Na koniec maja Ljajic opuszczał Rzym mówiąc, że chce "porozmawiać z Sabatinim". Na koniec sierpnia odnalazł przekonanie, że będzie musiał walczyć o miejsce w wyjściowym składzie i że drzwi nie są na pewno dla niego zamknięte. Z drugiej strony Ljajic jest bardziej dojrzały, a wieczory spędzone przy playstation ze słoikiem Nutelli na stole, są odległym wspomnieniem, co zauważono zarówno w Serbii jak i we Włoszech. Dziś wieczorem zmierzy się z Francją na stadionie Partizana, gdzie dojrzewał przed tym jak został pozyskany przez Fiorentinę. W ostatnich dniach mikrofony i kamery często go szukają: wykluczony przez Mihajlovica z powodu odrzucenia śpiewania hymnu, chce ponieść drużynę na swoich barkach. "Pragniemy zrobić wszystko, aby się zakwalifikować - wyjaśnia - i jeśli to się nie uda, będzie wstyd.
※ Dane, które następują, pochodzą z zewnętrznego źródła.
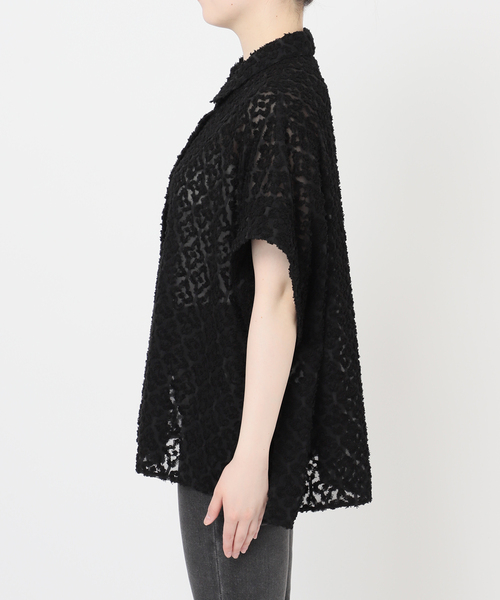 「JOURNAL STANDARD relume」 7分袖ブラウス FREE ベージュ レディース JOURNAL STANDARD relume ブラウス シャツ 「追加 / 新色」T/R強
Wiemy, że posiadamy wielki potencjał".
Dzisiejszy mecz jest sparingiem, gdyż Serbowie w tej kolejce odpoczywają i oficjalną walkę o Euro rozpoczną 11 października, przeciwko Armenii. Tego dnia, o rok starszy Ljajic (29 września kończy 23 lata), będzie miał najwięcej minut w nogach, biorąc pod uwagę zobowiązania Romy w Serie A i Lidze Mistrzów. Sam mówi, że jest gotowy i się nie boi: przybycie Iturbe i zatwierdzenie Gervinho i Florenziego zaostrzają konkurencję, jednak Ljajic jest gotowy do walki. Nie lubi ławki rezerwowych, ale jest już w stanie nie poddawać się presji: "Dla mnie to nie problem, ani w moim klubie, ani reprezentacji. Mamy tu nowego selekcjonera, posiadającego doświadczenie i ogromną motywację, to my będziemy musieli przyzwyczaić się do nowych metod. Ale jestem pewny siebie, to samo robiłem Romie".
Zrobił to również w poprzednim sezonie, w którym zagrał najwięcej minut w najwyższej klasie rozgrywkowej (1624) i zaliczył w sumie sześć goli i sześć asyst. Garcia poprosił, aby polepszył te statystyki. W tym samym czasie, przed wyjazdem do Austrii, poprosił klub, aby zatwierdziła gracza na przyszły sezon, aby ten mógł czuć się spokojnie i pracować w spokoju. Powiedziane i zrobione, pomimo nieśmiałych prób Arsenalu, które nie doszły do skutku. Powód? Pragnienie Romy: "Za mniej niż 18 mln euro, nawet nie siadamy go negocjacji".